Verra-t-on alors bientôt une Angela Merkel convertie à la croissance façon François Hollande ? C'est peu probable, car ce n'est pas son intérêt et aujourd'hui et il peut lui dicter de faire volte-face. Pour autant, il ne peut être question d'entrer dans un conflit ouvert avec la France qui déstabiliserait la zone euro et donnerait surtout l'impression toujours fâcheuse d'une domination allemande. L'équilibre du couple Paris-Berlin est indispensable à la politique européenne allemande pour repousser toute accusation d'hégémonisme. Pour Angela Merkel, le modèle de sa relation avec François Hollande, ce sera sa relation avec Nicolas Sarkozy.
Un couple très chahuté
Qu'on se souvienne en 2007 : le nouveau président français avait frôlé l'incident avec le ministre allemand des Finances d'alors qui lui reprochait sa politique budgétaire. En 2008, nouveau coup de froid entre Paris et Berlin sur la question de la relance de l'activité après la faillite de Lehman Brothers. En 2010 enfin, la crise grecque avait ravivé les différends entre les deux pays sur la stratégie à mener. Nicolas Sarkozy et Angela Merkel ne s'appréciaient alors guère. Mais la chancelière a su renverser la vapeur : elle a adopté des mots de son partenaire français, comme la « gouvernance économique » pour y mettre son propre contenu.
Là où Paris entendait une gestion étatique de l'économie, Berlin y a mis du contrôle budgétaire strict et une règle d'or européenne à l'allemande.
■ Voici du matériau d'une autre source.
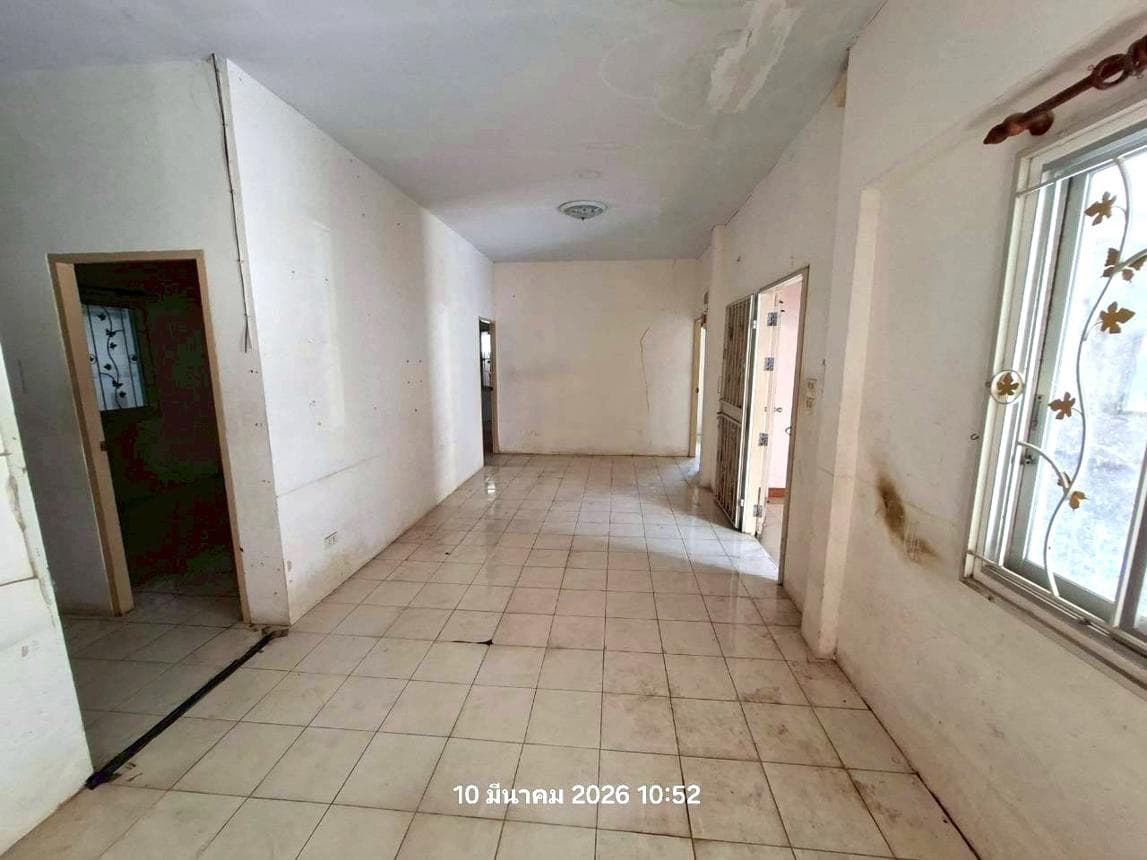 บ้านเดี่ยว บ้านสุขุมวิท 5 ท่าตูม ศรีมหาโพธิ ปราจีนบุรี พื้นที่ 53 ตร.ว. พื้นที่ใช้สอย 181 ตร.ม. 1 ห้องนอน 1 ห้องน้ำ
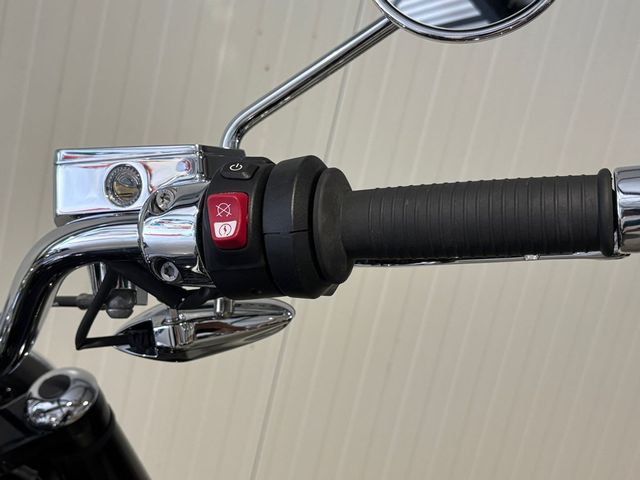 bmw - r-18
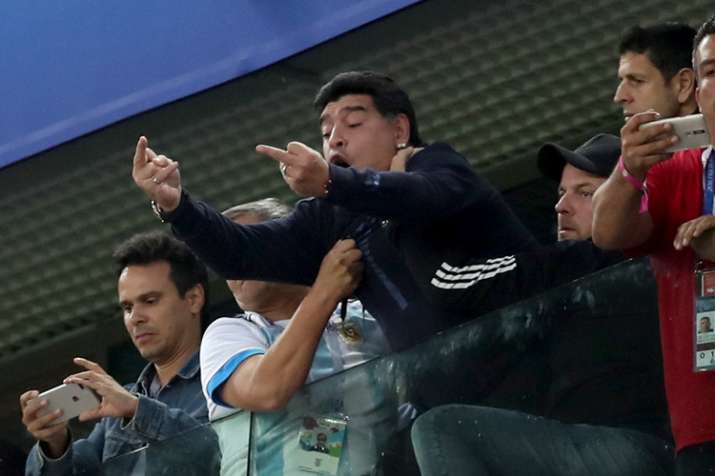 maradona-1530076830.jpg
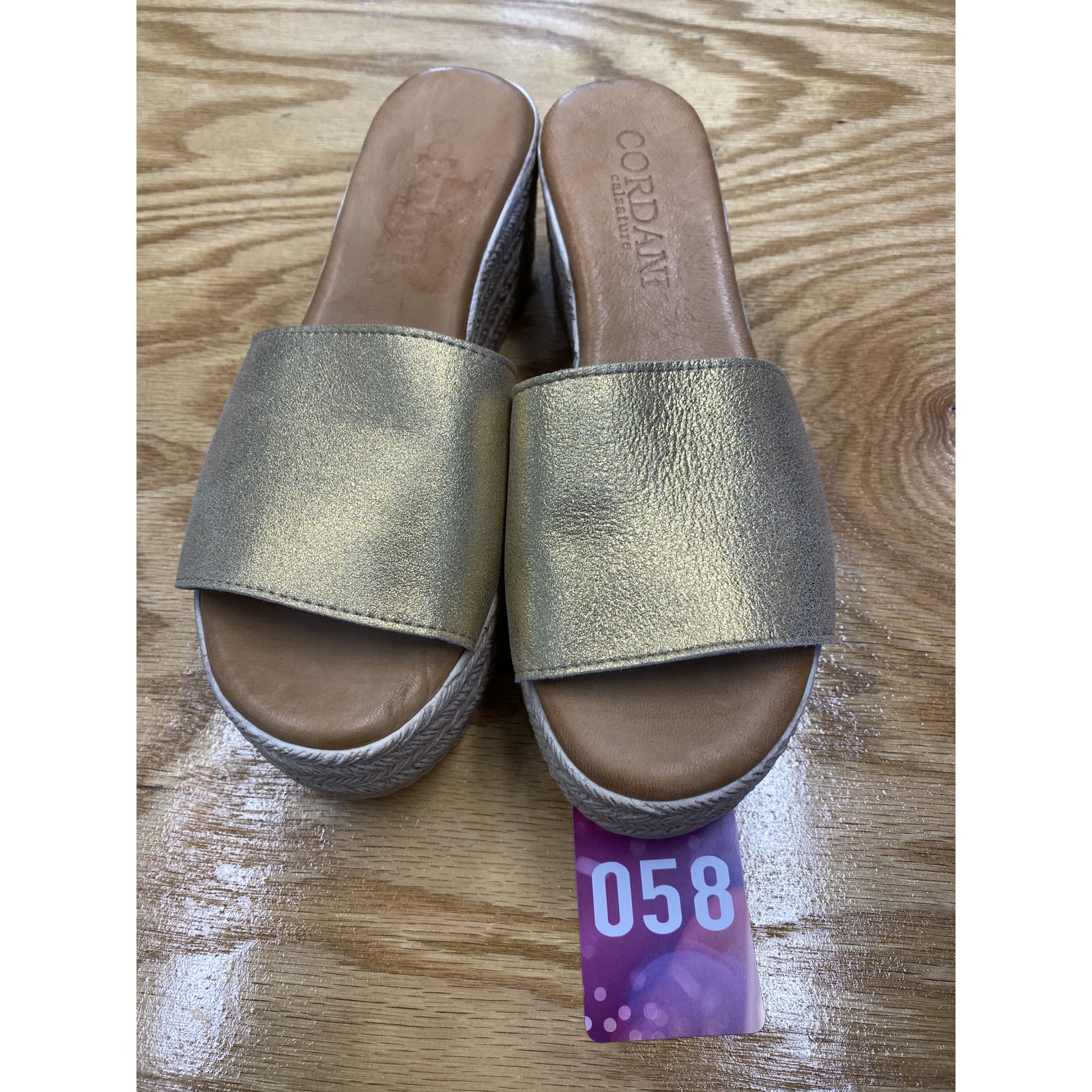 Cordani Calzature Heeled Sandals Womens 7.5 Gold Wedge Slip-On Slide Casual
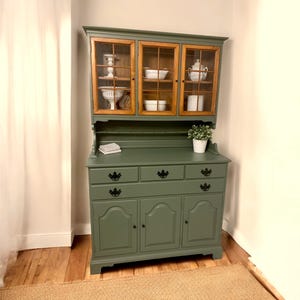 Thomasville Hutch - Etsy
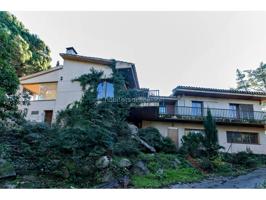 Casa OCUPADA en venta en La Roca del Valles photo 0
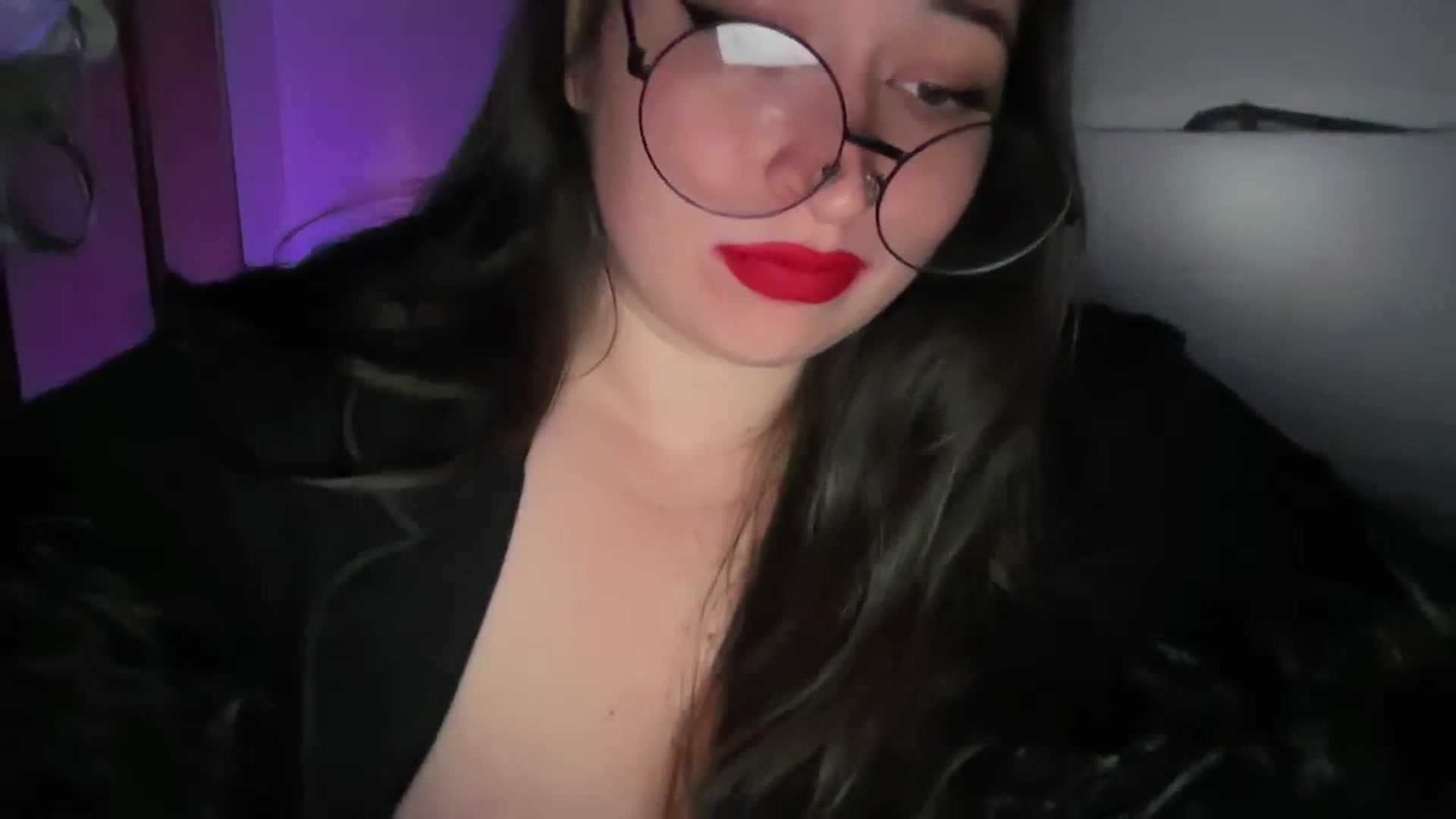 Gallery image thumbnail from Hasymura's myfreecams stream on, 11/02/2023, 19:20 image 17 of 20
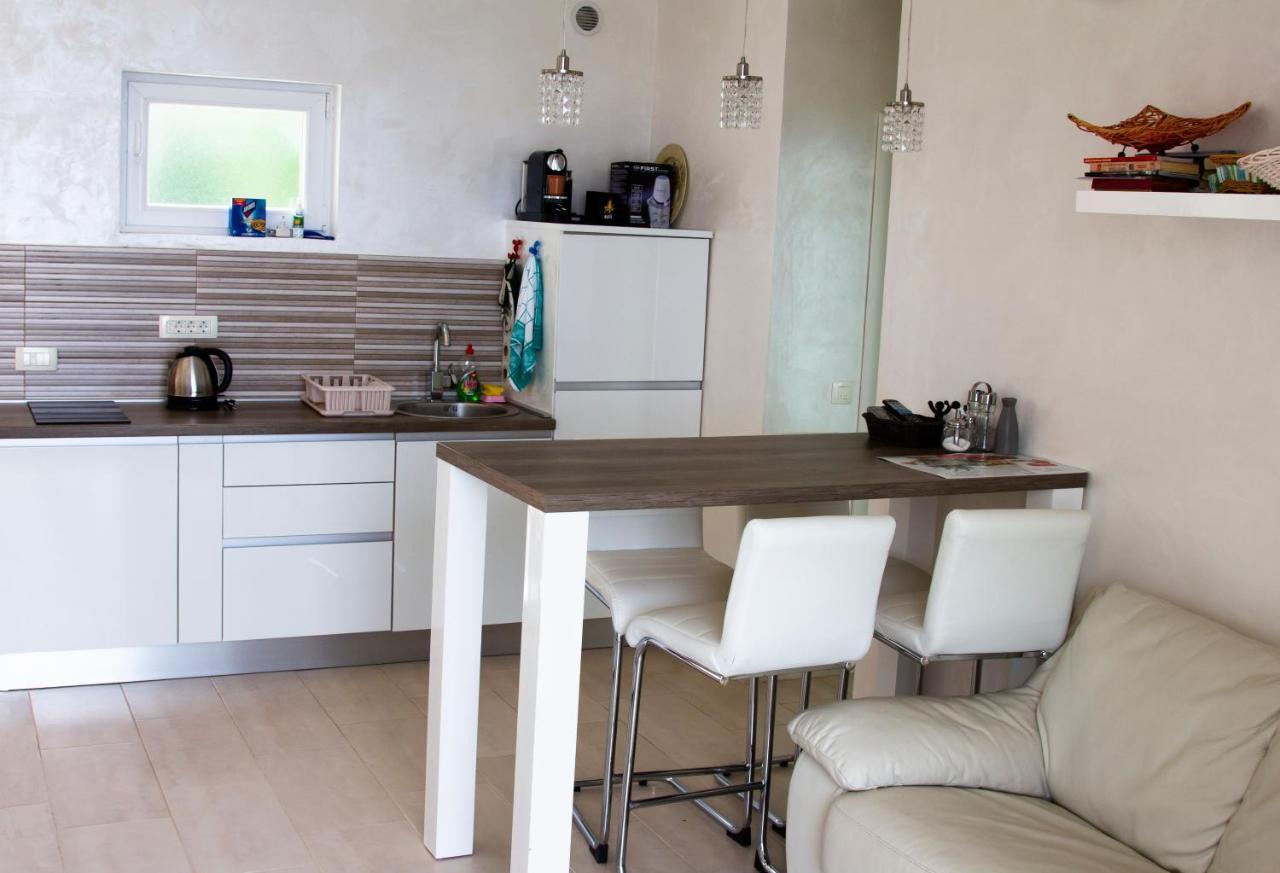 Apartment SuperSeaView Sutomore Extérieur photo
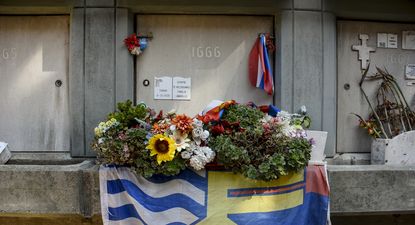 El Observador | 20250424 Tumba de Tabaré Vázquez en el Cementerio de la Teja.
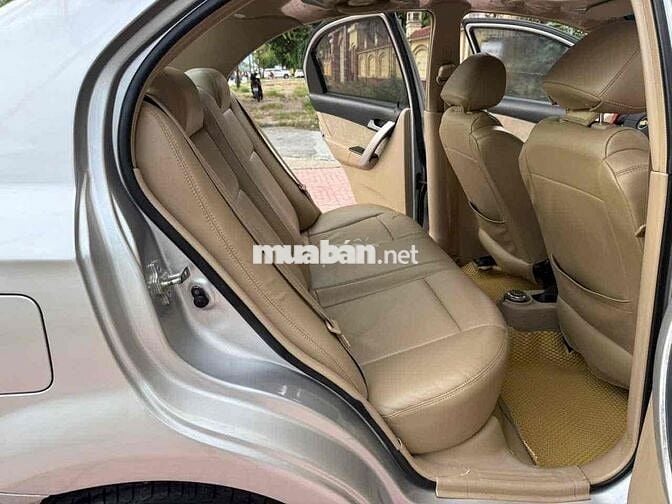 Aveo 2013 tự động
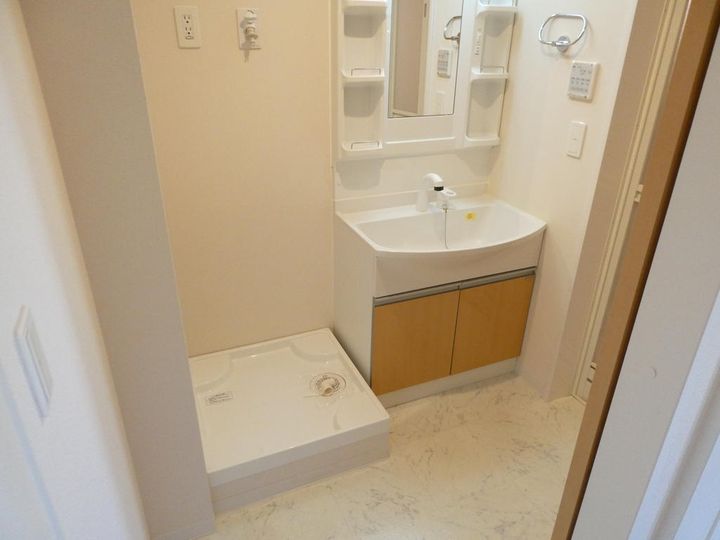 シャイン ヴィレッジ 大木戸 Cの内装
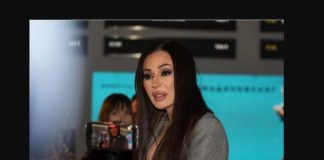 ŠOKANTNO!!Bosa, jedva drži haljinu: Cecu obezbeđenje iznelo sa koncerta (VIDEO)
Ajoutez à la présentation de propositions communes et quelques concessions sans conséquences majeures (pas de contrôle européen des règles d'or, mais une inscription dans les constitutions) et le tour est joué : Merkozy était né. Nicolas Sarkozy pouvait avancer la tête haute comme le restaurateur de l'amitié franco-allemande et Angela Merkel pouvait présenter à ces compatriotes les résultats obtenus.
En attendant Merkollande
Nul doute que la chancelière va tenter le même tour de passe-passe cette fois avec François Hollande. On ne touchera pas au traité budgétaire, mais on préparera un « pacte pour la croissance et l'emploi » où l'on distribuera quelques milliards des fonds structurels non utilisés et où l'on promettra quelques réformes favorables à la croissance. Sans doute ceci sera suffisamment vague et sans conséquences. Mais François Hollande pourra se vanter d'avoir converti la chancelière à la croissance tandis qu'Angela Merkel aura sauvé l'essentiel avant le scrutin fédéral d'octobre 2013. Il est vrai que, malgré le succès électoral de ce week-end des opposants à la politique allemande, la faiblesse de la situation française ne donne guère au nouveau locataire de l'Elysée le poids de faire fléchir réellement la chancelière.